When U.S. Secretary of State Antony Blinken, in a major China policy speech on May 26, 2022, outlined the Biden administration's strategy to outcompete China, he noted that China “has announced its ambition to create a sphere of influence in the Indo-Pacific and to become the world’s leading power.” But what exactly is China's influence, and how do we know it when we see it? These are some of the questions Dr. Enze Han seeks to answer.
Han, an associate professor at the University of Hong Kong's Department of Politics and Public Administration, joined APARC as a Lee Kong Chian NUS-Stanford Fellow on Contemporary Southeast Asia for the 2022 spring quarter. The fellowship, which is hosted jointly by APARC’s Southeast Asia Program (SeAP) and the Faculty of Arts and Social Sciences at the National University of Singapore, enabled Han to advance his research into Southeast Asia’s relations with China. He recently discussed his work in a seminar hosted by SeAP.

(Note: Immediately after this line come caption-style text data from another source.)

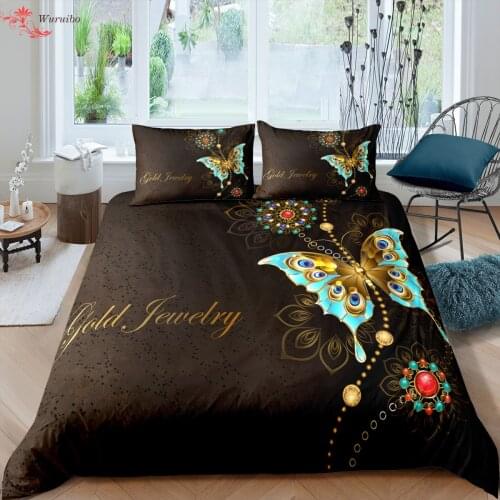 Butterfly Print Bedding Set Duvet Cover 2/3Pcs Bedclothes Single/Twin/Double/Full/Queen/King Size Microfiber Bed Linen Bedspread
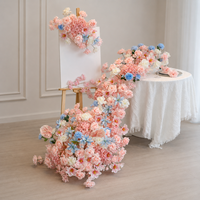 Centre de table en fleurs artificielles en cascade détachables, rose et bleu, modernes et romantiques, en plastique et soie, pour arrangements de mariage, vente en gros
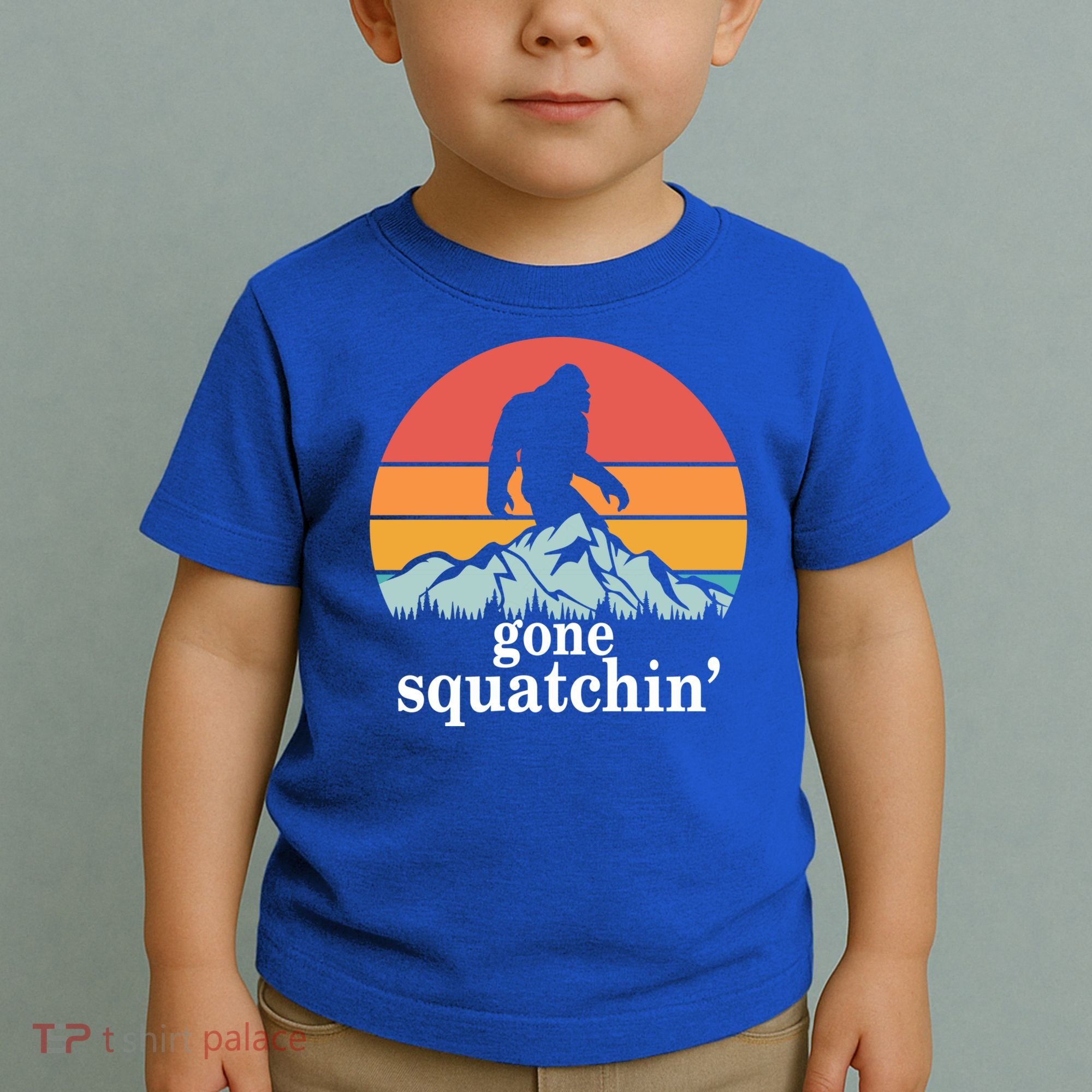 Gone Squatchin Bigfoot Mountain Retro Style Gift Toddler T-Shirt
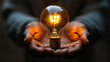 © Your Hand Please - hand delicately holds a glowing lightbulb, symbolizing innovation, creativity, and inspiration. The lightbulb's warm glow contrasts against a dark background, highlighting the power of ideas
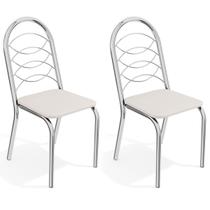 Cadeiras Kit 2 Cadeiras Holanda Cromada Branco - Kappesberg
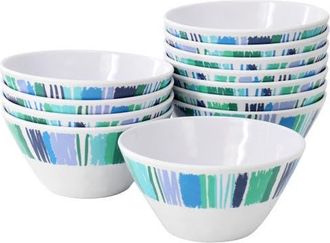 Gibson Home Tropical Sway Orleans 12 Piece 6 Inch Melamine Bowl Set in Blue at Nordstrom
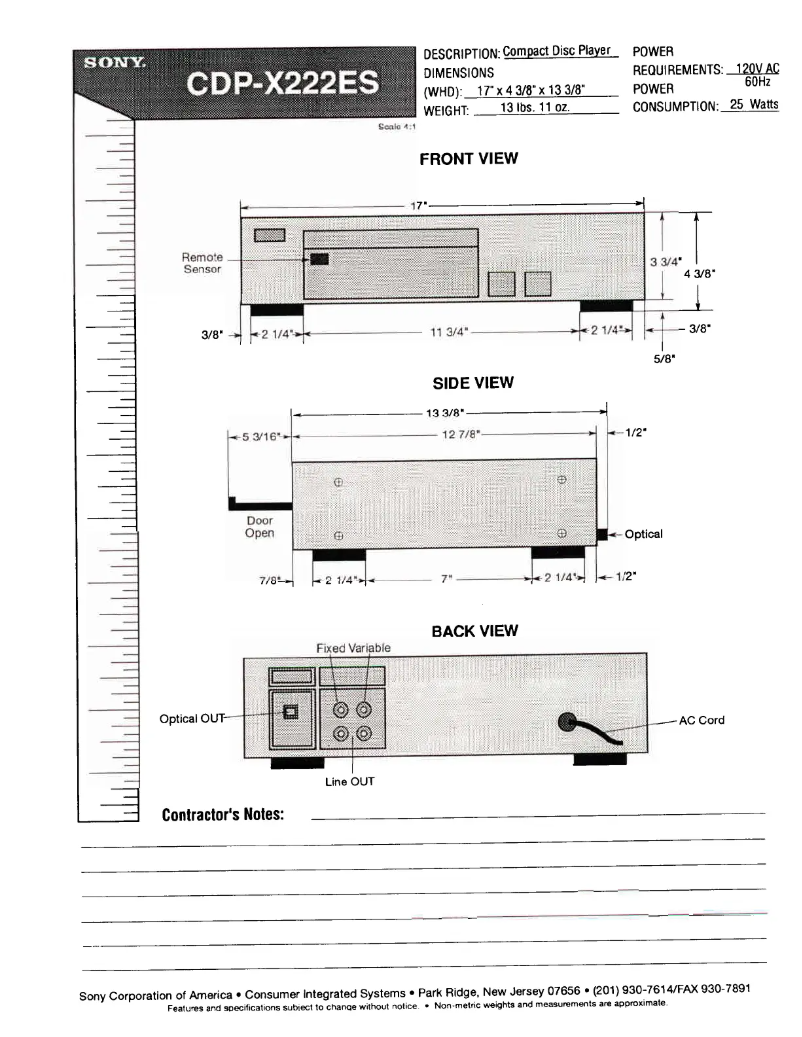 First page image of the manual for CDP-X222ES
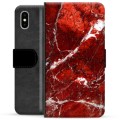 Étui Portefeuille Premium iPhone X / iPhone XS - Marbre Rouge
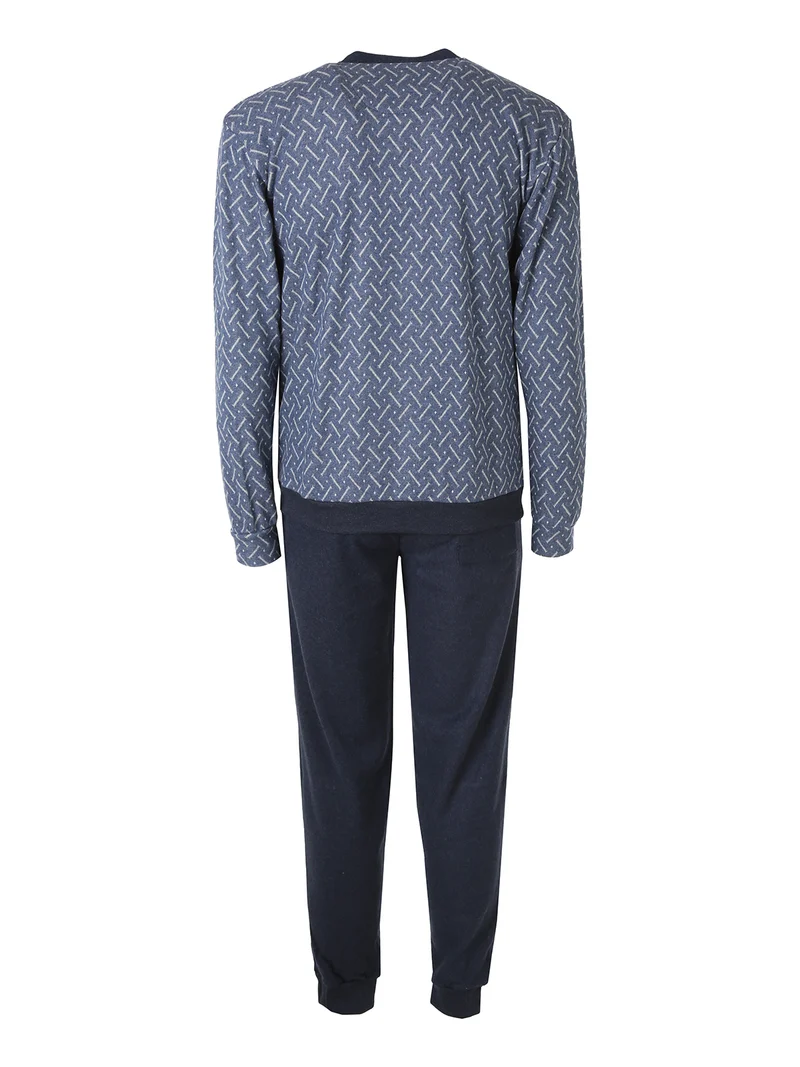 Pigiama invernale da uomo in punto milano rasato con stampe - blu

Most studies on China’s presence in Southeast Asia tend to focus on China’s power dynamics and how it wields it to gain influence within the region. The emphasis is on intention and causation: how China willingly uses its power to coerce, coopt, or persuade Southeast Asian states to behave in particular ways. This characterization, Han argues, ignores the contemporary Chinese state as fragmented, decentralized, and internationalized. Han goes beyond this conventional approach to explore the variety of actors and the intended versus unintended outcomes associated with China’s presence in Southeast Asia. It is necessary to understand such nuance and complexity, he claims, if we are to make sense of China’s relations with Southeast Asian states.
China’s presence in Southeast Asia is by no means monolithic, notes Han. Rather, it takes numerous everyday forms and involves not only state actors, such as diplomatic missions and state-owned enterprises, but also non-state actors that may or may not be closely associated with the Chinese state. These include civil society organizations, private businesses, and ordinary Chinese citizens who reside in Southeast Asia for work, study, or retirement, in addition to Chinese tourists. The actions of these multiple stakeholders can have intended and unintended consequences, Han argues. In particular, the effects of non-state Chinese actors’ daily encounters with local communities in Southeast Asia deserve attention, he says.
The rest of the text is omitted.